Despite its frequent use in chemical demonstrations, the silicate garden is still imperfectly understood. Hence two recent papers by Julyan Cartwright and colleagues at the University of Granada in Spain1,2 - one of the centres, appropriately, from which Arabic alchemy reached Europe. They have sought to understand what controls the morphologies of the crystal gardens for salts of calcium, manganese, cobalt and nickel growing in sodium silicate (’water glass’) . 

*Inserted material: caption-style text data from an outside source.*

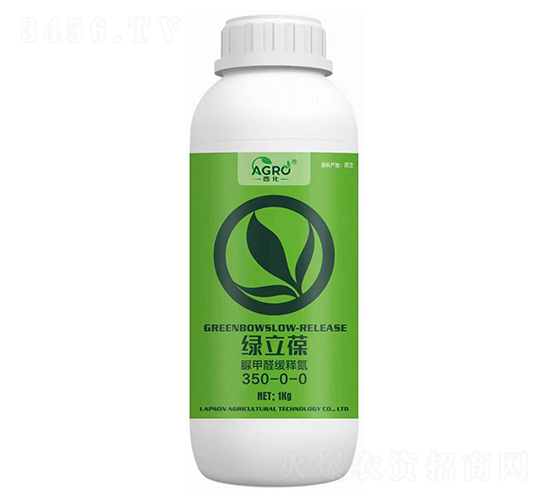 綠立葆脲甲醛緩釋氮350-0-0-西化-樂普生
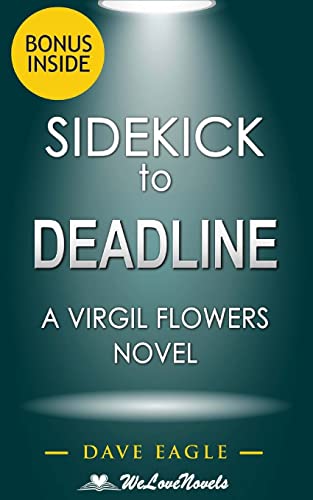 Sidekick - Deadline (A Virgil Flowers Novel, Book 8) by John Sandford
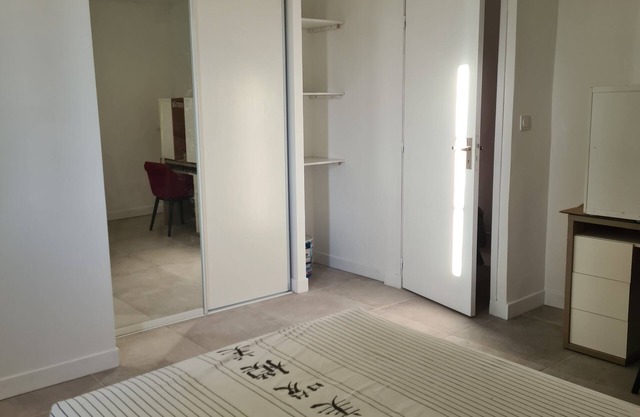 Bel Appartement Refait à Neuf à 15 min du Centre de Nîmes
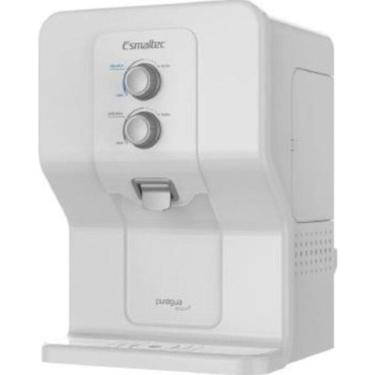 Imagem de Purificador De Agua Gelada Eletronico 127v Branco - Esmaltec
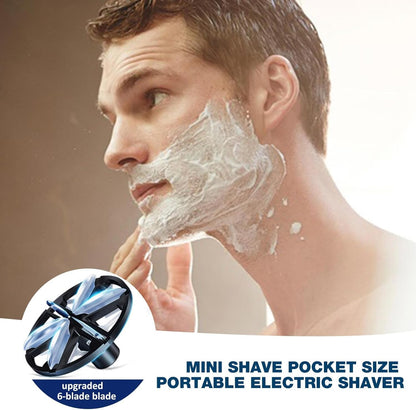 ShaveMax™ | A powerful shave without irritation - fast and effortless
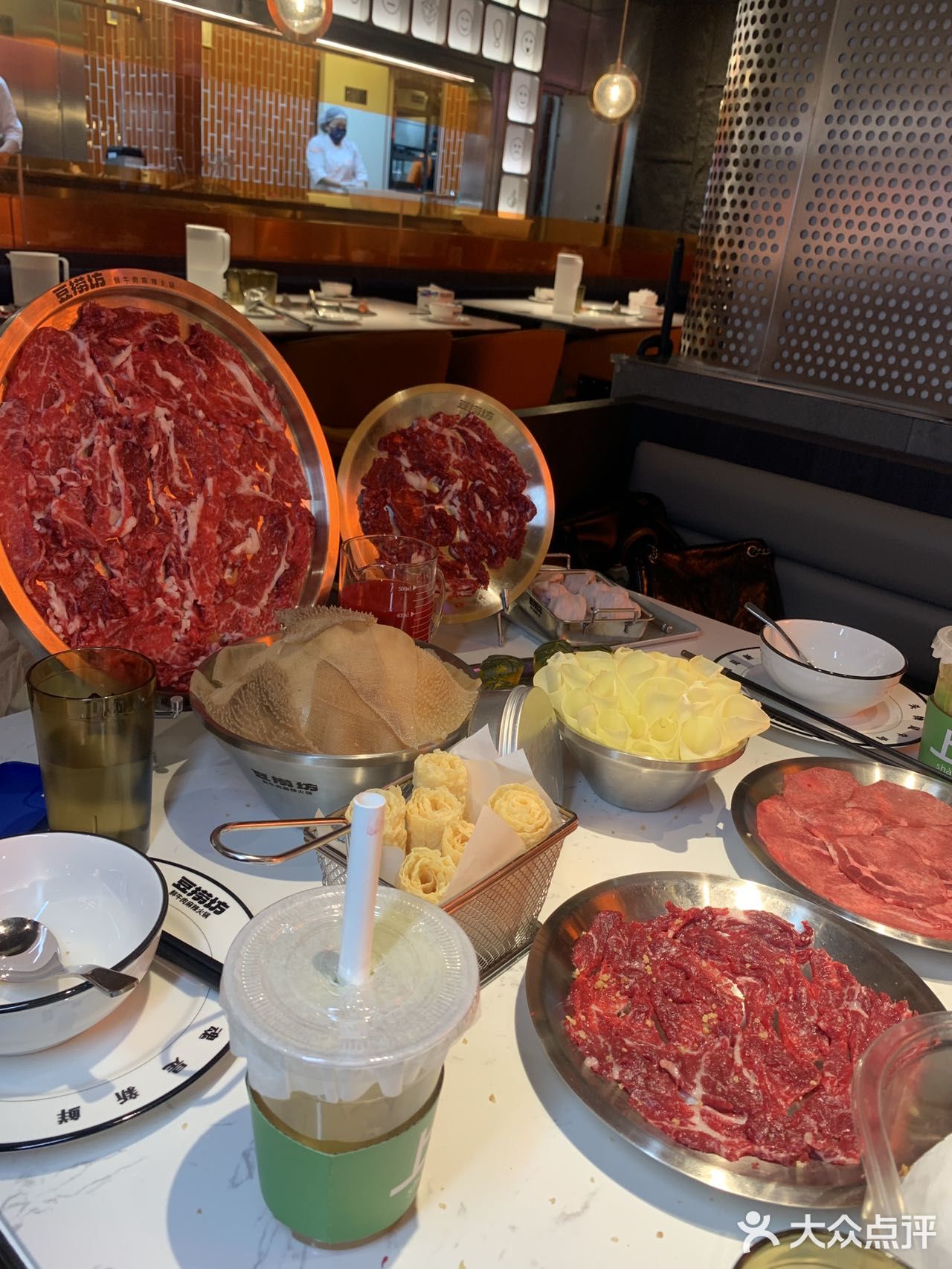 大卫城的豆捞坊|一家品质潮汕火锅🍲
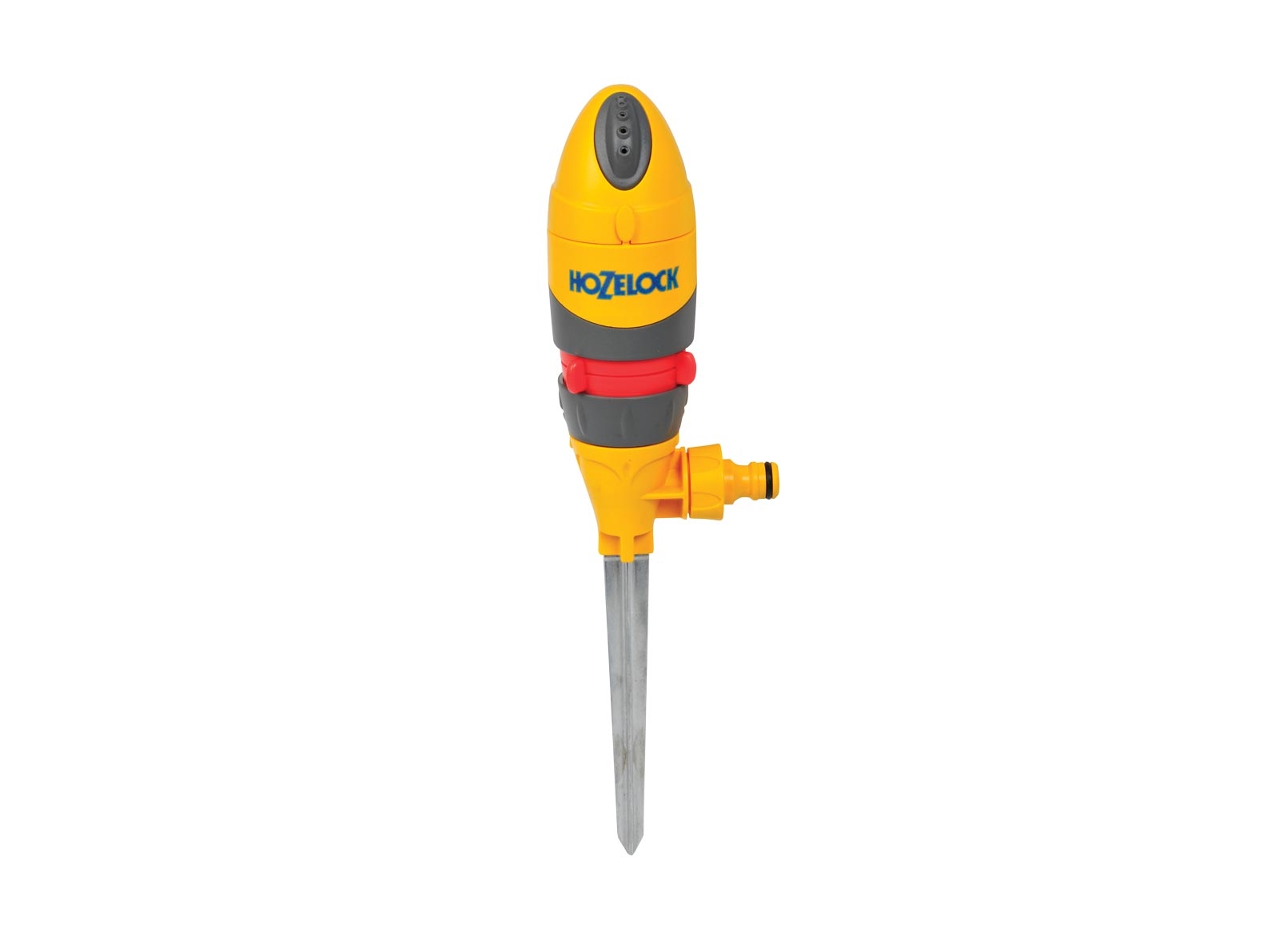 Hozelock 2332P0000 Turbine Circular Sprinkler PLUS on spike 314 m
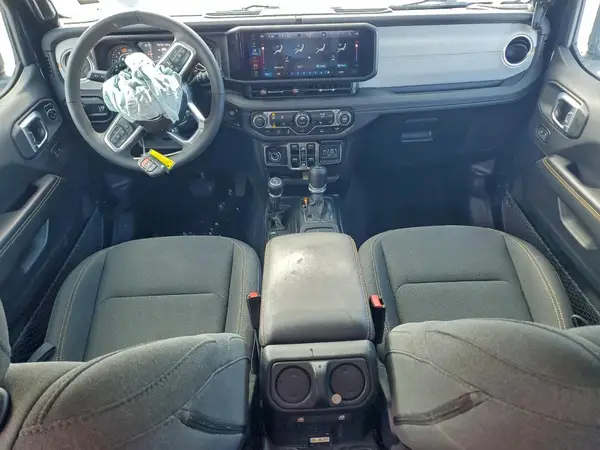 1C4PJXEN2SW526834 2025 JEEP WRANGLER - Image 8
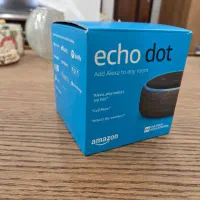اسپیکر هوشمند  Amazon Echo dot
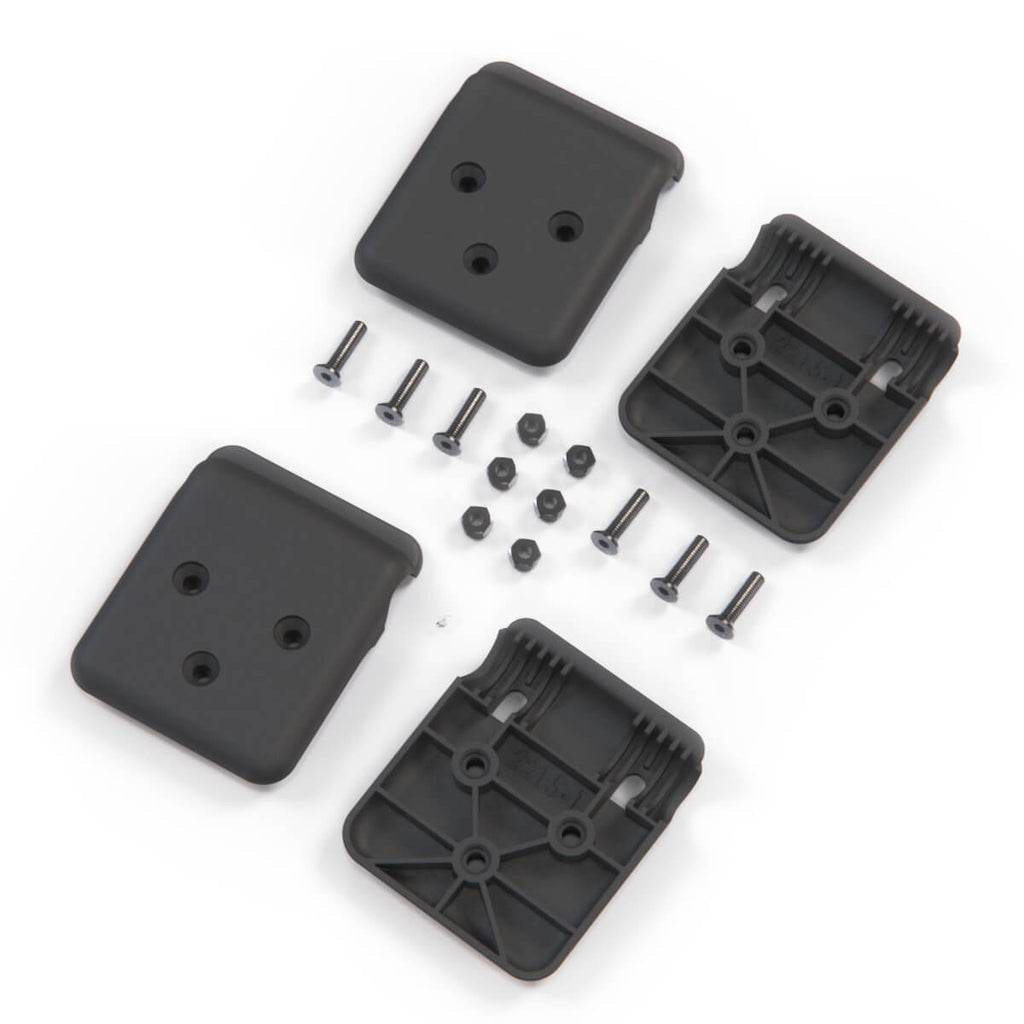 BMW E89 Z4 Repair Kit for Trunk Retractable Hardtop Cover Black (9128488 / 51479128488) — view 4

The range of behaviours at different silicate concentrations is too wide to be easily summarised, but includes some peculiarly lifelike effects.1 For example, pressure oscillations in the membrane might cause pulses of tube growth, each surge inducing a change in growth direction. The tubes might initially be flexible and transparent, hardening with opaque precipitated salt over time. The seed crystal might sprout a thicket of small tubes at low silicate concentration, or just a few wide ones at higher concentration, each with typical wall thicknesses of a few microns. For manganese, the colour of the formations may vary over time from pink to brown; for cobalt the chromatic variations are even more spectacular, from purple to pink, green and blue, indicating changes in the metal-ion coordination. The tube walls have a complex and non-uniform composition due to co-precipitation of several salts.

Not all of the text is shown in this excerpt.